Texto de Guilherme Ghisoni da Silva:



A descoberta do que nos é próprio

Qual sentido a religiosidade pode ainda ter em um mundo no qual os filósofos já declararam a superação de deus como o fundamento da realidade e os psicólogos as patologias que acometem as superstições? Uma possível resposta, que nos permitiria salvaguardar a religiosidade, é dizer que há várias outras visões de mundo – para além das dos filósofos e psicólogos.  São dessas outras visões de mundo que somos lembrados ao olharmos as fotografias de Guy Veloso. Outra linha de resposta é dizer que há várias formas de religiosidade. Neste caso, a função das fotografias do artista seria nos mostrar os caminhos da religiosidade genuína. Haveria um núcleo indizível no interior das religiões, que as une em vista de um único fim: o religamento do indivíduo com algo para além da linguagem, da ciência, da razão. Os abusos e usurpações da religião seriam frutos da perda da religiosidade genuína. Os filósofos e psicólogos estariam limitados à crítica desses descaminhos.
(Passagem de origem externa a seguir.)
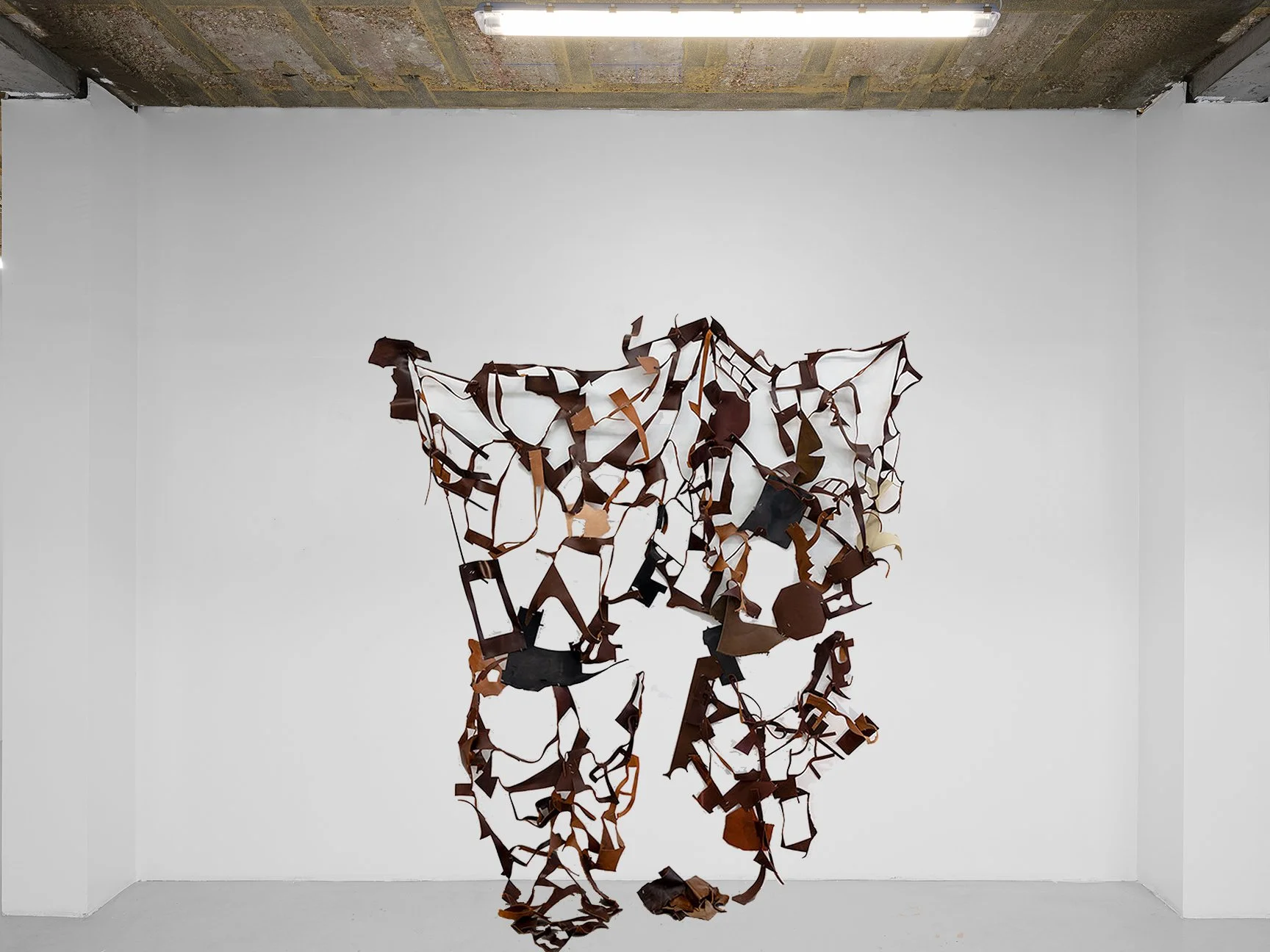 Cameron Patricia Downey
Nas fotografias de Guy Veloso, o religamento com o divino é possível por intermédio da exata união entre vida e arte. A fotografia, desde seu nascimento no séc. XIX, muito se prestou ao olhar voyeurista, que retrata os fatos como se os visse de fora – sem deles fazer parte. A fotografia possibilitou dar forma fixa ao prazer de olhar a realidade sem nela adentrar. Porém, este é o oposto do que se manifesta no trabalho fotográfico de Guy Veloso. O artista é um Penitente iniciado nos rituais que fotografa. Ele é aceito como um Penitente pelos próprios Penitentes. Poucos olhos tiveram acesso aos rituais que testemunhou – muitos deles secretos e até então nunca retratados por um fotógrafo. Este ingresso foi conquistado lentamente, ao longo de mais de 17 anos de intensa pesquisa e negociação entre as partes. Foram inúmeras viagens e contatos com mais de 200 grupos, em 13 estados do país. O ápice deste profundo envolvimento com o mundo dos Penitentes foi sua inclusão, como discípulo, em confraria centenária, na Bahia. Aos poucos tornou-se aquilo que retrata, sendo esta parte da razão da extraordinária força de suas fotos. Guy olha para um mundo cuja existência compreende como sua. Ele sabe o que se passa nos recônditos mistérios do êxtase religioso.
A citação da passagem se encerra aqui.